Duncan McGreggor

Lisper, Erlanger, and LFE core contributor

Duncan started hacking in the early 80s on copies of the BSD games, was a linguist in the 101st Airborne Division, studied physics and applied maths at university, traveled to India to practice meditation and dialectic with monks in exile, and eventually joined a startup just before the Internet crash in 1999/2000. Somehow, that did not deter his life-long passion for programming: he started hacking on small, distributed services in the early 2000s, eventually became a Fellow at the Python Software Foundation, joined Robert Virding as a contributor to LFE, and coded in another Lisp for the USGS (LANDSAT data) and then NASA. Duncan is currently a principal engineer at MediaMath, dedicated to building better engineering teams and software engineering practices while also teaching new generations of engineers a love for the art.

While not built for sound or digital signal processing, Erlang excels in the realm where music control systems have converged: network message-passing. In this talk, Duncan will provide some background on the functional nature of electronics used in music, with a special focus on analog synthesis a la Moog modular systems.

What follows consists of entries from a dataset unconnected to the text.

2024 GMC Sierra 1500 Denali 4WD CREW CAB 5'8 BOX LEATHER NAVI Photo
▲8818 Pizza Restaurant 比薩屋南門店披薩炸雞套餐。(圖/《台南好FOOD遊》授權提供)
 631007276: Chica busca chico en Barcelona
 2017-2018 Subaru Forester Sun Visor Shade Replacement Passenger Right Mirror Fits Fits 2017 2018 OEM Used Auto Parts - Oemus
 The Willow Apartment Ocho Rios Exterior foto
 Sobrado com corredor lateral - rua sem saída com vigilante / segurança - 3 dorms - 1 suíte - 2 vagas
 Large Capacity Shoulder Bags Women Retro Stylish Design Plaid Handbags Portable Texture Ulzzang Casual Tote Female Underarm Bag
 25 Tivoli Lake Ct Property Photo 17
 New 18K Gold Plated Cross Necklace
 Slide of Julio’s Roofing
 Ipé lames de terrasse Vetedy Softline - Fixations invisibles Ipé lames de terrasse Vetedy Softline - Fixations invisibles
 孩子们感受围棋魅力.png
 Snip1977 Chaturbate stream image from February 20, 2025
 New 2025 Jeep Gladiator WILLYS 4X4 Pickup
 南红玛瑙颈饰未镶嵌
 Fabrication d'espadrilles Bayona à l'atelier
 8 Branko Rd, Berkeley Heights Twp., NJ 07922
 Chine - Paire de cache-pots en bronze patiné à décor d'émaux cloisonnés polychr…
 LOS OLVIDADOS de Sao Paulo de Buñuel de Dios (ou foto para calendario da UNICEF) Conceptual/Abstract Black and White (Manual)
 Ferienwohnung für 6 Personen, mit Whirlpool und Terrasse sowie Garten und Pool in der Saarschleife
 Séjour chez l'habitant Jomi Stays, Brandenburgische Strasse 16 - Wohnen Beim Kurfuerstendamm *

Previous sound-generation work on the BEAM will be covered before diving into a new effort along similar lines being made in Lisp Flavoured Erlang (LFE). Practical issues with integrating multiple well-established improvisational tools and music recording systems with a functional programming language will be covered. In addition, LFE's strength as a platform for creating DSL's will be discussed in the dual context of integrating systems and creating generative music.